Employers will best serve their organizations by investing in preventative programs and processes to curtail the incidence and prevalence of MSDs as a result of either traumatic and or repetitive work injuries. Reviews of several research studies conducted by international and national authors, showed compelling associations and correlations of work related injuries among nurses working in various settings and shifts.
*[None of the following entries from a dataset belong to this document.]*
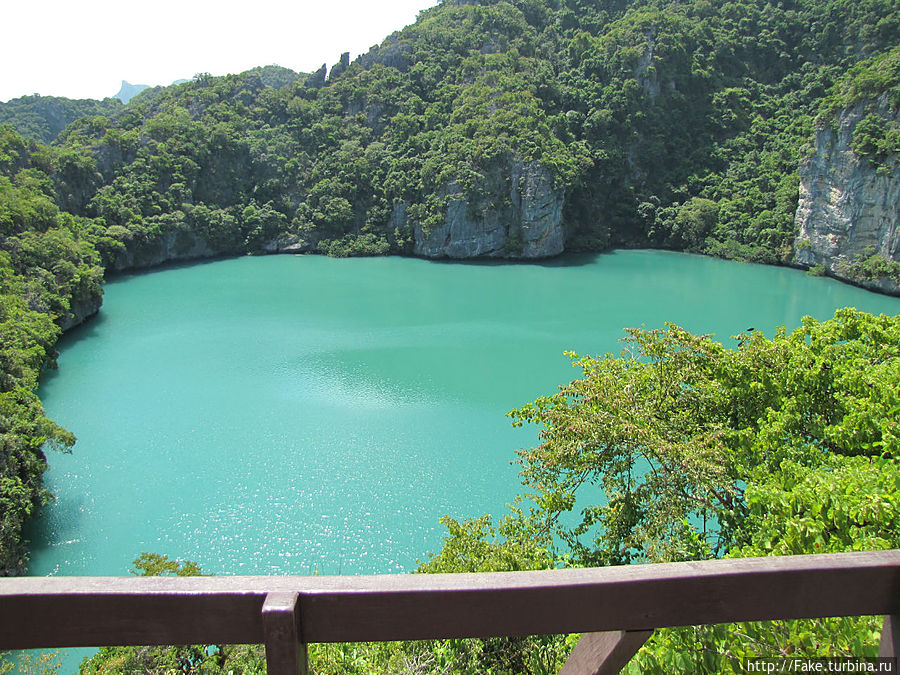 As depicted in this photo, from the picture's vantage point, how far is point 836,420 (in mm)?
5766

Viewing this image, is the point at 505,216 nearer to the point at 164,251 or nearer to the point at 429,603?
the point at 164,251

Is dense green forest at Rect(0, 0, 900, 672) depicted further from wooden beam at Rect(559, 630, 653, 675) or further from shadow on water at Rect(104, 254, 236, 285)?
wooden beam at Rect(559, 630, 653, 675)

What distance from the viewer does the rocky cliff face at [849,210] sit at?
95.0 ft

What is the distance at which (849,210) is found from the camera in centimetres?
3078

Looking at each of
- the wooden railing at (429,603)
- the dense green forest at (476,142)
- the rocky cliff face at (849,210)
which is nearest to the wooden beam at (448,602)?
the wooden railing at (429,603)

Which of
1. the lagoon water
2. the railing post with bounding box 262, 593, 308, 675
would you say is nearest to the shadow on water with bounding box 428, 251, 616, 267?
the lagoon water

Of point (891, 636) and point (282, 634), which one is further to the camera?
point (891, 636)

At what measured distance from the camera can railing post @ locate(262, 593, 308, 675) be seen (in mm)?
1064

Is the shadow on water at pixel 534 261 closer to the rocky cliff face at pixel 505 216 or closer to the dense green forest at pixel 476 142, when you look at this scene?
the rocky cliff face at pixel 505 216

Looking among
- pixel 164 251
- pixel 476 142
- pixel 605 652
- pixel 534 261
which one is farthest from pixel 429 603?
pixel 164 251

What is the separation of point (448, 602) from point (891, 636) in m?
0.96

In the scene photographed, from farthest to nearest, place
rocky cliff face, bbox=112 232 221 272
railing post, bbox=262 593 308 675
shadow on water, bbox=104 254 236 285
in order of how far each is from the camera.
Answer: rocky cliff face, bbox=112 232 221 272, shadow on water, bbox=104 254 236 285, railing post, bbox=262 593 308 675

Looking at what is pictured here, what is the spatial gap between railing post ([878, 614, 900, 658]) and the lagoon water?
32.5 feet

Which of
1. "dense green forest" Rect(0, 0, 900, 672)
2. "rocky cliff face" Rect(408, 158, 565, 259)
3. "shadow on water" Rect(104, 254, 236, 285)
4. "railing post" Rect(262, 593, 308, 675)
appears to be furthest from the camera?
"rocky cliff face" Rect(408, 158, 565, 259) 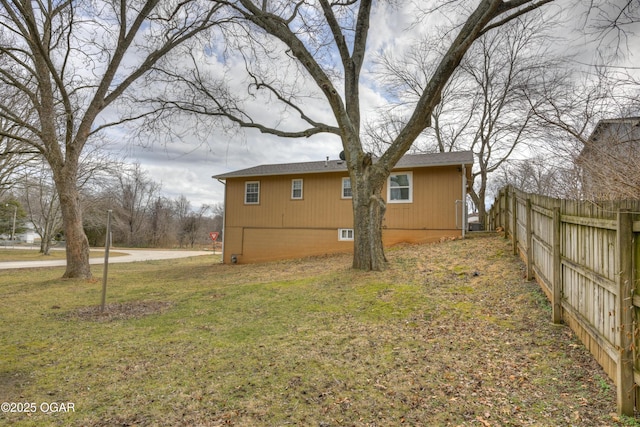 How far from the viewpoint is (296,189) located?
14352 millimetres

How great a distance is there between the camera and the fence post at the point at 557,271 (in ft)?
12.8

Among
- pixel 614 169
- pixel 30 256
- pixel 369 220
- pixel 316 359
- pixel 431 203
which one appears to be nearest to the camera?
pixel 316 359

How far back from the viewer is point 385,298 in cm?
595

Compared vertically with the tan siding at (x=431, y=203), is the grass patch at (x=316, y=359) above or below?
below

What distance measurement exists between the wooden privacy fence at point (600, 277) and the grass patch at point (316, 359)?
0.25 meters

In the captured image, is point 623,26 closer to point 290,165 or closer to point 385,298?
point 385,298

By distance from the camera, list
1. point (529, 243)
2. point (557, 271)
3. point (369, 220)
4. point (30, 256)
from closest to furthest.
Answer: point (557, 271) < point (529, 243) < point (369, 220) < point (30, 256)

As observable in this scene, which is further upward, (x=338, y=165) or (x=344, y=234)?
(x=338, y=165)

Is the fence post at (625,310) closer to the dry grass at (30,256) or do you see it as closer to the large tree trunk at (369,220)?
the large tree trunk at (369,220)

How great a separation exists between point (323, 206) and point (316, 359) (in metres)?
10.1

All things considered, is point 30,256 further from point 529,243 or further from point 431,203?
point 529,243

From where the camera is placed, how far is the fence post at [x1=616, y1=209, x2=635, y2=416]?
2305mm

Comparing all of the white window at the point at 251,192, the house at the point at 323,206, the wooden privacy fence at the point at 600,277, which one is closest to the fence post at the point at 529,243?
the wooden privacy fence at the point at 600,277

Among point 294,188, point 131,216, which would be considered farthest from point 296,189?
point 131,216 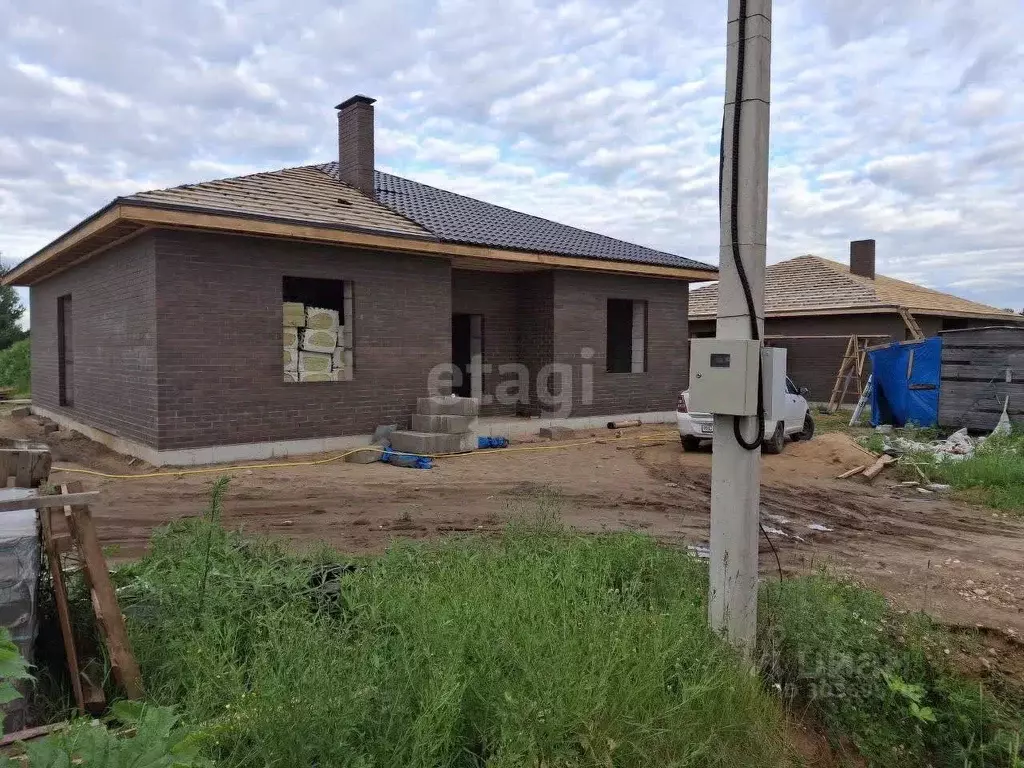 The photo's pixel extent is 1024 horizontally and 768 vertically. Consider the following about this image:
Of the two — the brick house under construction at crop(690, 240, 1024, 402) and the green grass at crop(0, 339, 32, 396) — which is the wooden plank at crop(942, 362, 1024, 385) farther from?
the green grass at crop(0, 339, 32, 396)

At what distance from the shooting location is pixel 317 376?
11.8 meters

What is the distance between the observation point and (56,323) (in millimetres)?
16031

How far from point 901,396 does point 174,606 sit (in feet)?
51.9

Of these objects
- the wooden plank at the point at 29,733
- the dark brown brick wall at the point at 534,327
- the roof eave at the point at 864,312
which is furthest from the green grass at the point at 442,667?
the roof eave at the point at 864,312

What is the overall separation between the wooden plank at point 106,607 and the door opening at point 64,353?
1426cm

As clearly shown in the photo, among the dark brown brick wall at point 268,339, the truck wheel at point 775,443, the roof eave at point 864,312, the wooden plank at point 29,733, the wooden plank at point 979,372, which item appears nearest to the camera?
the wooden plank at point 29,733

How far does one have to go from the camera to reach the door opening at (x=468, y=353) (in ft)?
51.2

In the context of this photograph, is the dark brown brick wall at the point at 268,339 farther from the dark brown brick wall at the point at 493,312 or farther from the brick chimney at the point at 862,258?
the brick chimney at the point at 862,258

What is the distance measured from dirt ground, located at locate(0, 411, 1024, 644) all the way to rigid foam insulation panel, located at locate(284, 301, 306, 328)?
7.57 feet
M. Shayesteh Azar et. al emphasized the magnitude of LBP among nurses, citing lifting as a primary injury mechanism with prolonged standing and rest as been aggravating and relieving factors, respectively. The impression is that repetitive lifting and poor lifting training and mechanics probably needed to be studied more elaborately to specify cause and effect relationship. Also, Hasnat Alamgir, et. al, cited full time direct patient care occupations as having a greater risk for work injury compared to part-time and casual health care workers, suggesting an apparent need to evaluate work demands and work hours. The functional issues of significance here is addressing the work capacity demands and the worker relationship in order to identify stressors and improve safety as a mean to proactively prevent injuries. As emphasized by Shoko Ando et. al, focusing on associated perceptions of job demands and MSDs among hospital nurses, suggested a likely association with actual work tasks , postures, condition of work and work organization. Also, Yassi A et. al, dissecting through epidemiological research on back injury in hospital nurses, suggested an increased prevalence among young and Junior level nurses working in orthopedic, neurology, medicine, spinal and surgery wards with lifting and patient transfers reported to be highest risk mechanisms, and inadequate training and staffing as risk factors. As health care system evolves, a positive correlations with neck, shoulder and back injury complaints are shown, suggesting a revisit to current health care changes to reduce adverse impact on the health of workers. In summary, the volume of evidence in regards to matching the work to the worker is compelling in realizing an effective work injury prevention and management program. It is clear that work injury is evident in routine work without a management process that comprises of an education, ergonomic and functional testing components. The key is for the employer to implement a process with both employee's and management ownership and active participation in a vision of a safe working environment.
As employers begin to realize the impact of health care and workers compensation costs to the organization bottom-line, it is compelling the outstanding adverse effect of an uncontrolled and poorly managed cost on growth, and profit at a crucial time of global economical slow-down. However, organization's still have an opportunity to reevaluate their system and implement a process to promote health, wellness and safety at the work place.